Ainsi, il y aura une croissance parallèle de la science, de la politique et des progrès sociaux. Sans doute, les connaissances vagues qui, dans l’ordre politique, ont usurpé le nom de science, ne peuvent avoir aucune action. Mais il n’en est pas de même de la science politique exacte et précise qui va se constituant peu à peu.

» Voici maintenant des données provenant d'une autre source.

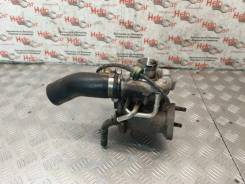 ������� Toyota RAV4 2004 1720127040 ACA20 1Cdftv 1720127040 ����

D’ailleurs, « c’est un malentendu de supposer que, parce que nous n’avons pas de commotions populaires et de violences, la génération où nous vivons ne bénéficiera pas de l’amélioration de nos principes politiques ». Tout progrès de la pensée a son contre-coup nécessaire dans les institutions, et « c’est encore une méprise de supposer que le système de confiance en la seule raison est calculé pour ajourner la réforme fondamentale à des distances incommensurables. Il est dans la nature de toute science et de tout progrès d’être d’abord faible, et en quelque manière imperceptible en sa marche première. Ses débuts sont comme accidentels : peu y prennent garde, et la croissance en est obscure, et il en résulte qu’après une longue préparation, le procès s’accélère soudain à un degré inattendu. »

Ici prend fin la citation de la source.